Brief → When the line with "Chest of drawers" comes up, set it down and every later line to the end of the data, exactly and without pictures.

Recorded information →

↓

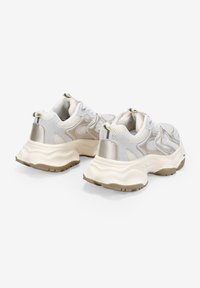 Zapatillas blancas y plateadas con parte superior de malla, diseño en capas, detalles texturizados y una suela gruesa color crema con un acento beige.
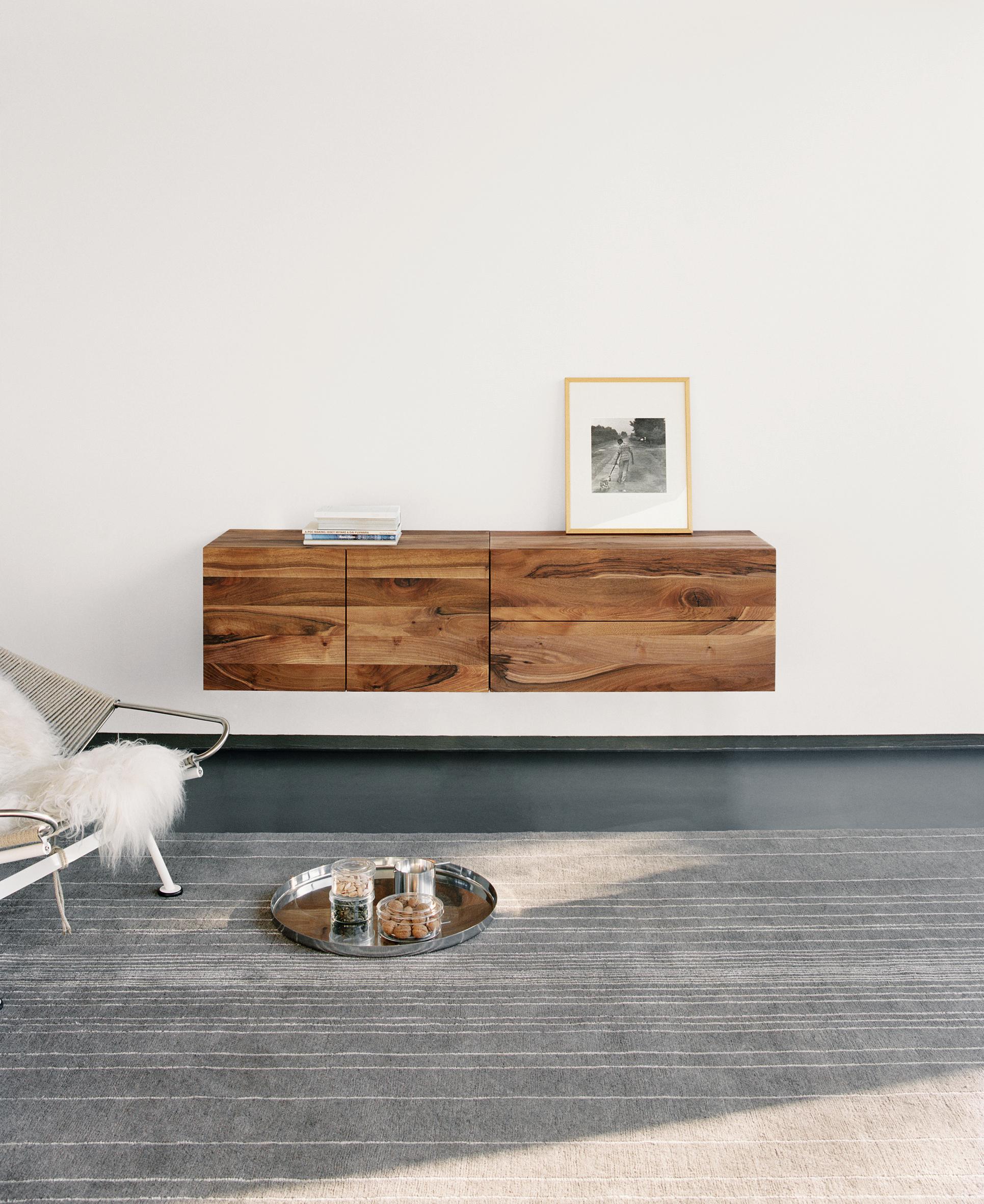 Chest of drawers Mahnaz is the wall-mounted adaption of the sideboard Fatima. Even its body is made of solid wood, the sideboard floats effortlessly. The clear design of Mahnaz benefits from a concept that eliminates visible frames and excludes all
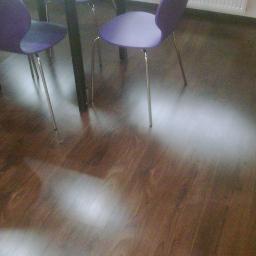 Krzysztof - Ułożone panele podłogowe w odcieniach brązu, widoczne fragmenty krzeseł z fioletowymi siedziskami i metalowymi nogami, oraz stopa w domowym obuwiu w lewym dolnym rogu kadru.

↑

Expected output →
 Chest of drawers Mahnaz is the wall-mounted adaption of the sideboard Fatima. Even its body is made of solid wood, the sideboard floats effortlessly. The clear design of Mahnaz benefits from a concept that eliminates visible frames and excludes all
 Krzysztof - Ułożone panele podłogowe w odcieniach brązu, widoczne fragmenty krzeseł z fioletowymi siedziskami i metalowymi nogami, oraz stopa w domowym obuwiu w lewym dolnym rogu kadru.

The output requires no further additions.